Perhaps my confidence and that of members of the “love generation” in the power of basic sanity is misplaced. The levers of power have fallen into hands of cold-hearted, zealous materialists whose invocation of the “sacred” is purely cynical and religious fundamentalists with dark visions of a looming apocalypse; could there be a vision more materialistic than a better life after death?

I’m confident that in the long-term basic sanity will prevail, but the basic sanity I have in mind is the sanity of Mother Earth, not people. The earth is a patient mother; she knows that in the end we will all crawl back into her arms. It has always been this way for Earth’s children. Nothing can save us–not technology, consumerism, politics, our imagined gods, and certainly not materialism. We’ve never owned a thing, you see, not a molecule; All and Everything we are or have is borrowed and will be returned. This is the truth of basic sanity unblemished by belief.

Meanwhile, what’s going on is heartbreaking. A form of paranoid, mass-hysteria is spreading in a global pandemic, and never more alarmingly than right here in America. As materialist fear grows, so grows their desperation, which inevitably turns to scapegoating and the embrace of authoritarian power; the truth of basic sanity is gnawing away at their confidence in externalized forms of happiness and human society itself. Episodes of ethnic cleansing, dreams of turning human beings into biological forms of machine intelligence, manipulating genes and hopes for immortality itself speak to their desperation. The materialists’ true apocalypse is seeing through the veiled reality of materialism’s illusory nature.

We of the love generation may have been naive, but we were not wrong.

(Photo by Marc Riboud)

2 Comments

  1. Clyde Lamar Clyde Lamar January 12, 2018

    The 60’s were a time of great change and cannot simply be written off as idealistic… It was a journey , not a goal. It was Ram Das and consciousness expanding drugs like LSD and Tribal consciousness……. Much of that was simply part of the journey to the unfolding of a new story…. To write it off as naive but not wrong does not capture the essence of the wake up call. Many hippies may have gone on to be silicon valley millionaires and so forth but many became more connected to a deeper stream in life. More connected to nature, awareness, compassion and so forth. The American Buddhist movement is the direct result of the 60’s…. Yoga centers on every corner now is the direct result of the 60’s as well. I think life is like a river and it is good to keep a perspective that it flows and not solidify and given moment in time with words…. Observation of the process is a gift we received in the 60’s.

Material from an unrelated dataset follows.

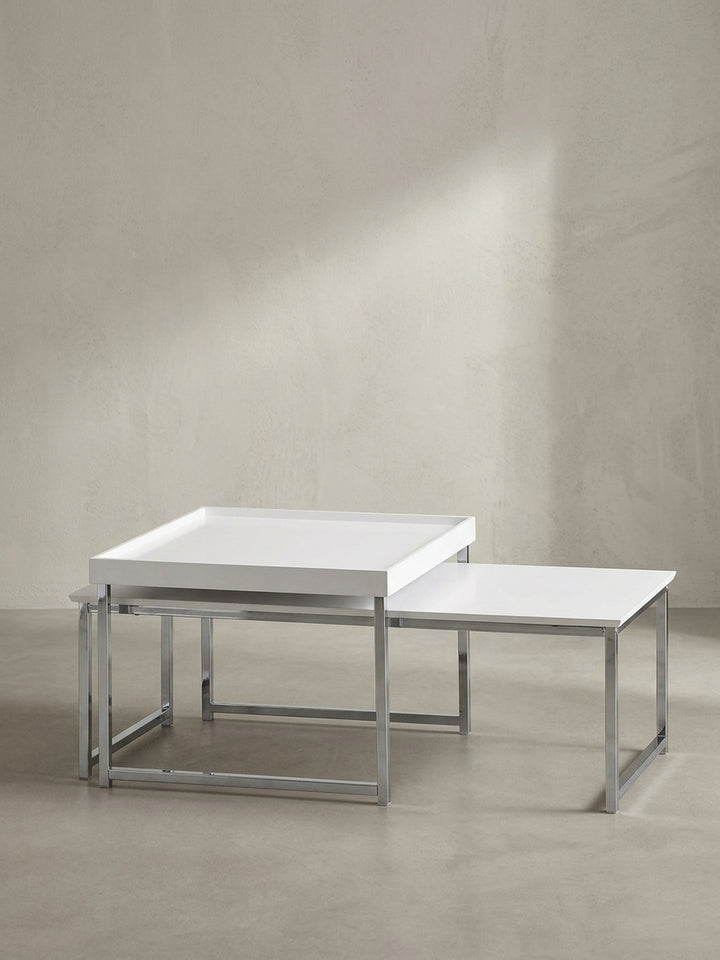 Zusammengeschobenes Couchtisch Set aus robustem MDF und Stahlrohr in dreiviertel Ansicht zeigt das durchdachte ineinandergreifende Design._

That is not naive. That is awake.!!

    • Larry Barnett Larry Barnett Post author | January 13, 2018

      Point taken, Clyde. My use of the word “naive” was not meant to dismiss the impacts and effects of the 60s on those of us who were awakened to the deeper issues I identify. I used the word in a more general sense to indicate that “the dawning of the age of Aquarius”, etc. envisioned a deep and lasting social transformation born of expanded consciousness. A look at America’s congress and current political leadership in general shows the entrenched power of greedy self-interest and rampant materialism, now enveloping the entire world. Everyone did not “turn on, tune in and drop out” and those that did not continue to control the levers of power in the world. Just sayin. Thanks for the comment and thoughtfulness.